A barebones reference implementation Python DataFrame library that speaks Substrait.
This is not intended to be used for any real work or to be built on top of. I am sharing it in case it helps anyone who might be evaluating Substrait get any idea for what building on top of it might look like.
The functionality here is barebones:
Supported Backends:
- DuckDB
- DataFusion
Supported DataFrame Operations:
- Select: Selecting one or more fields
- Filter: Simple filtering on one or more string fields
- Limit
This list isn't comprehensive but here are some things you might notice this can't do:
- Operations aren't composable. i.e.,
df.select(...).select(...)
throws away all but the last.select(...)
. This applies to filter and limit as well. - No ergonomics. The code is designed mainly to show the larger picture and a lot of quality of life improvements could be made to make the code more concise and user-friendly.

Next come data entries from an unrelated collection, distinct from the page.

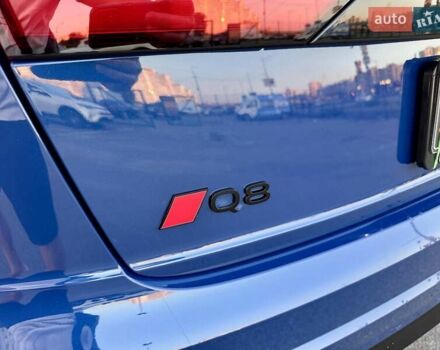 Синий Ауди Q8, объемом двигателя 2.97 л и пробегом 27 тыс. км за 98500 $, фото 21 на Automoto.ua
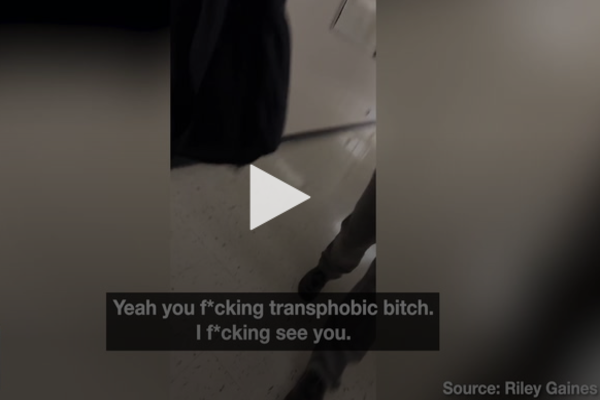 BREAKING: Swimming Star Riley Gaines Assaulted by Transgender Mob at San Francisco State U: ‘F*king Transphobic Btch’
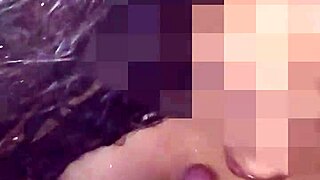 My personal bitch takes a shower with me for a steamy fuck and cumming experience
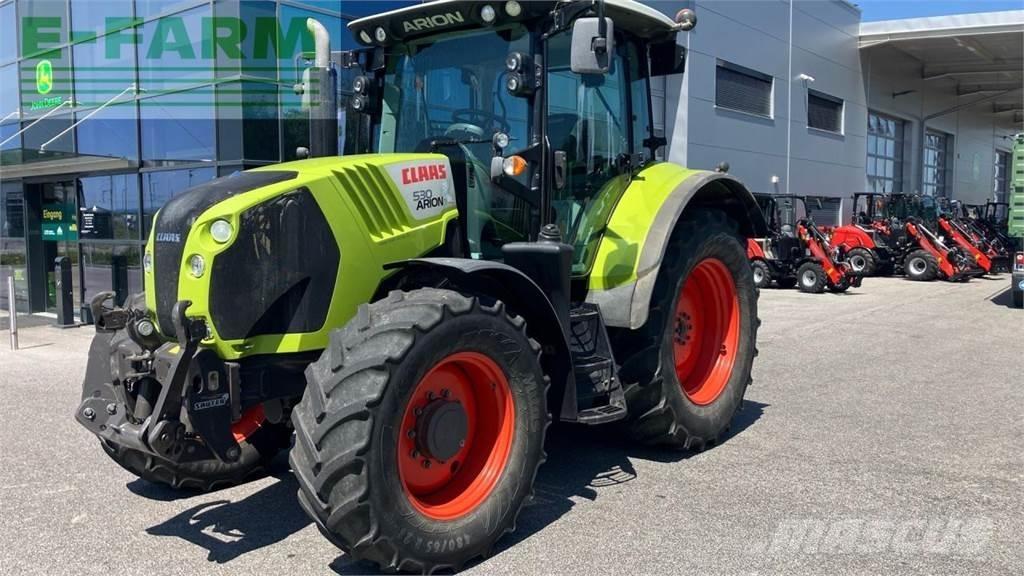 CLAAS ARION 530 Tratores Agrícolas usados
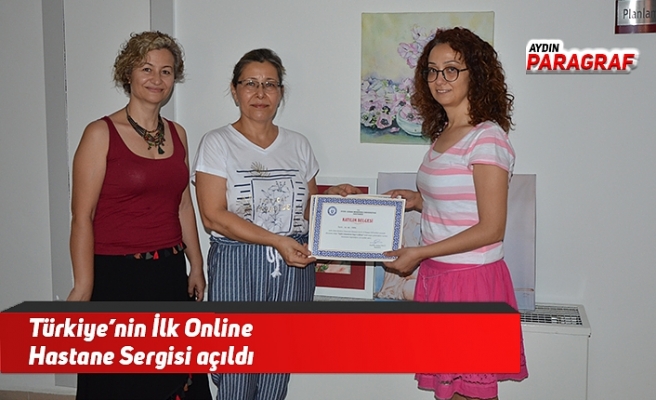 Türkiye’nin İlk Online Hastane Sergisi açıldı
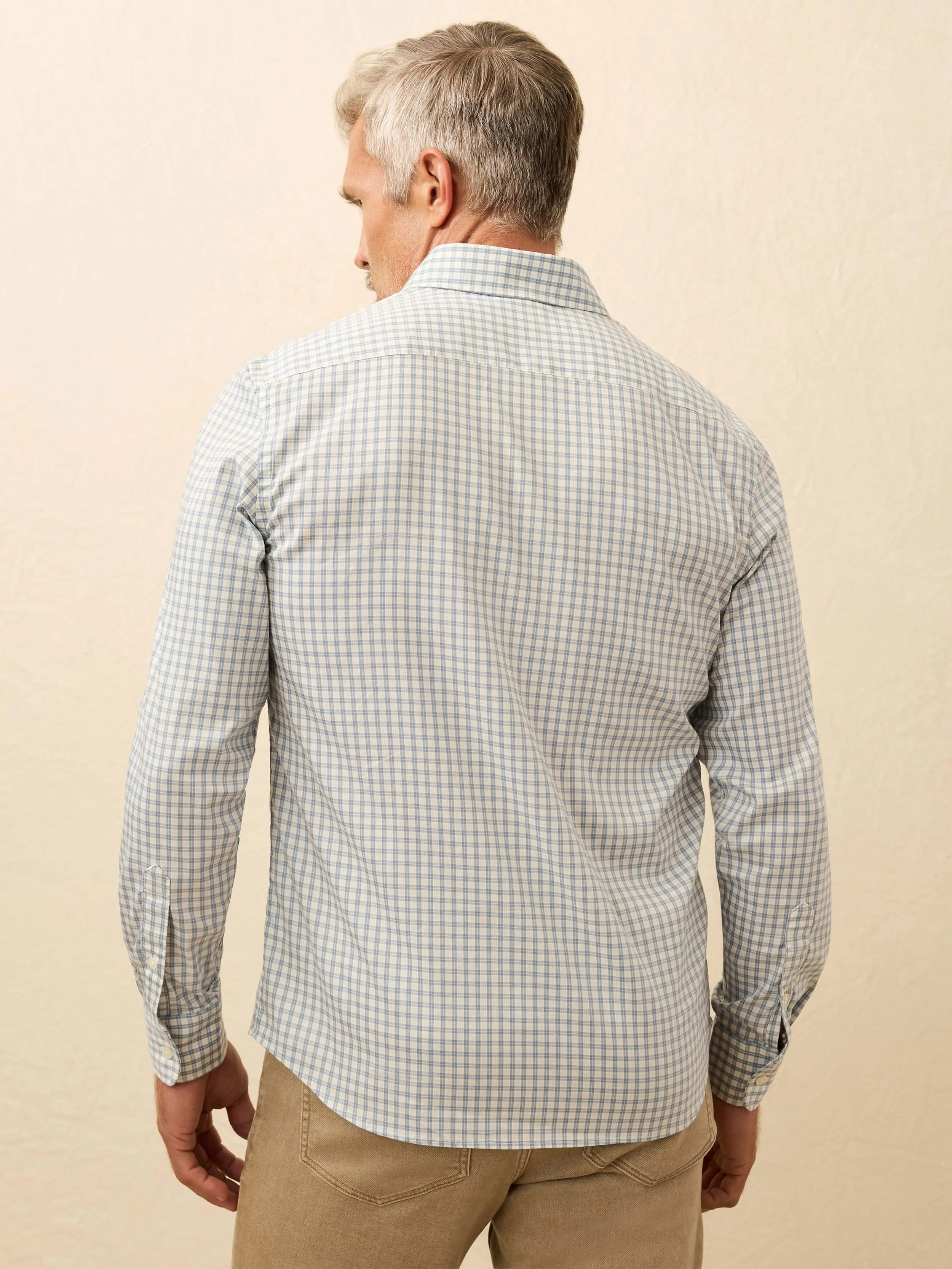 The Movement™ Shirt - Saint Cloud Plaid sold by Faherty product image thumbnail 4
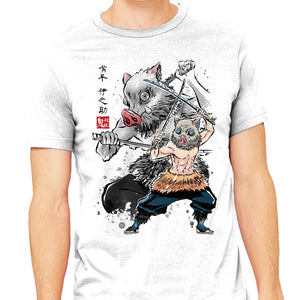 Slayer Inosuke Sumi-E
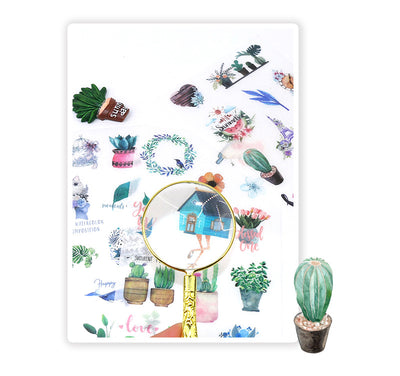 Pegatinas Decorativas para Diarios y Planificadores – Colección Cultural y Creativa - Image 31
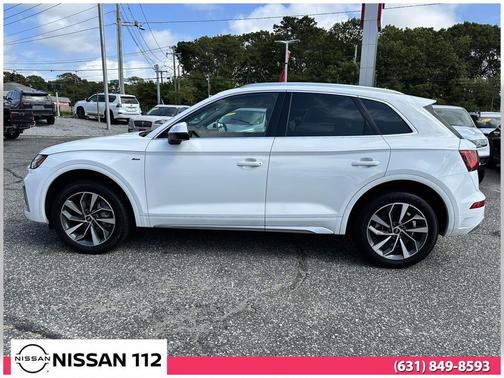 2022 Audi Q5 45 S line Premium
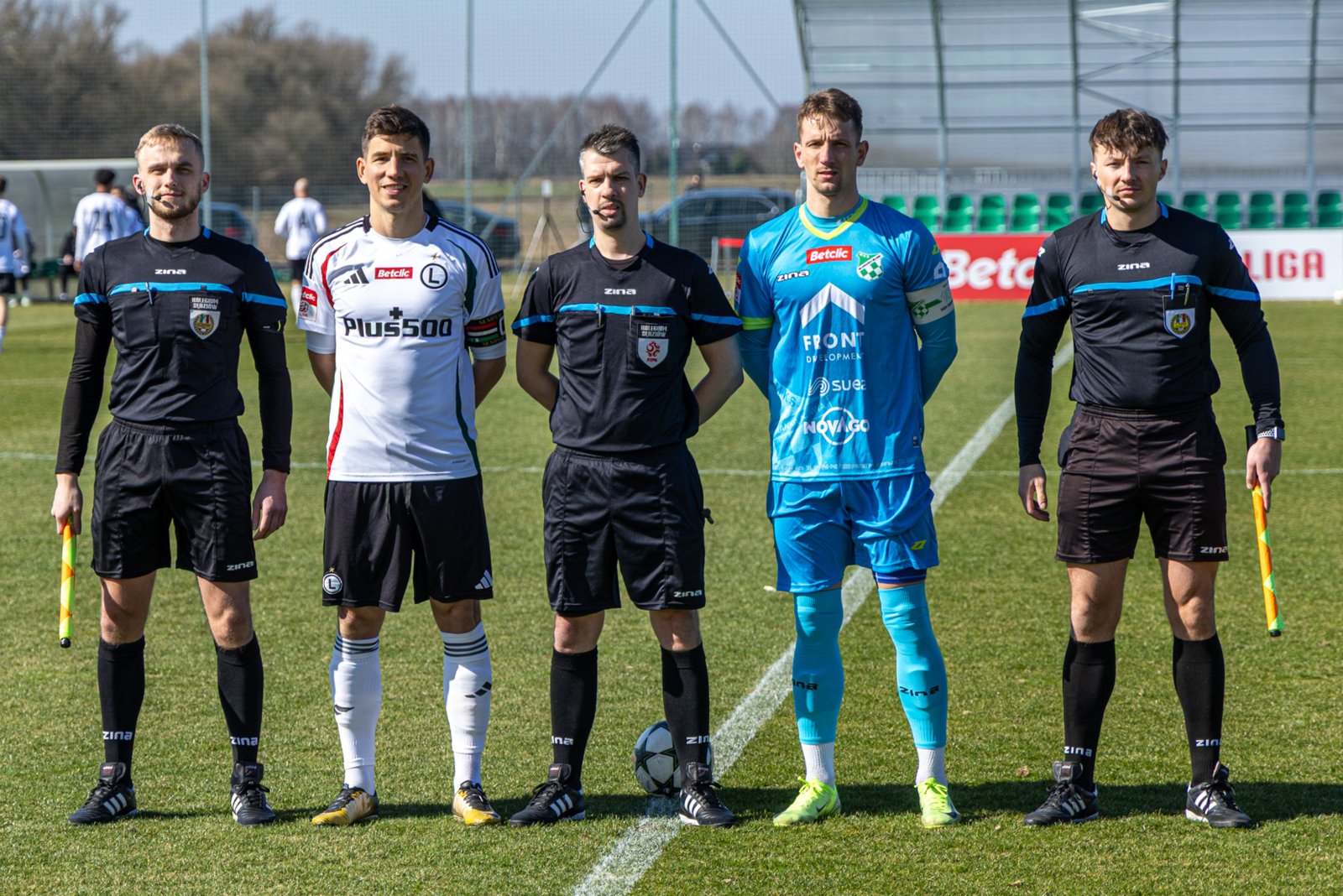 Legia II Warszawa - Mławianka Mława 6:1 (3:0)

- Break outside of Python. This would be much better if it could send a query to an external database using ADBC for example.
- tokoko/subframe: A much more advanced and feature-full version of what I've done here. DataFrame API that speaks Substrait over ADBC. I highly recommend taking a look at this.
- sqlframe: Provides a PySpark-like DataFrame API that can speak to Spark and non-Spark databases by translating PySpark to SQL.
Assuming a standard Python installation with access to pip:
python -m venv .venv
source .venv/bin/activate
python -m pip install .[all] # To enable DuckDB and DataFusion
Using the above venv, run:
python -m pip install .[testing]
pytest
There's an example in the root of the repository at ./example.py
that shows the basic operation with the DuckDB and Datafusion backends.
It's repeated below with output:
>>> import duckdb
>>> import datafusion
>>> import pyarrow as pa
>>> from substrait_dataframe import (
... DatafusionBackend,
... DuckDBBackend,
... DataFrame,
... Expression,
... Field,
... Relation,
... )
...
>>> con = duckdb.connect()
>>> con.sql("INSTALL substrait FROM community;")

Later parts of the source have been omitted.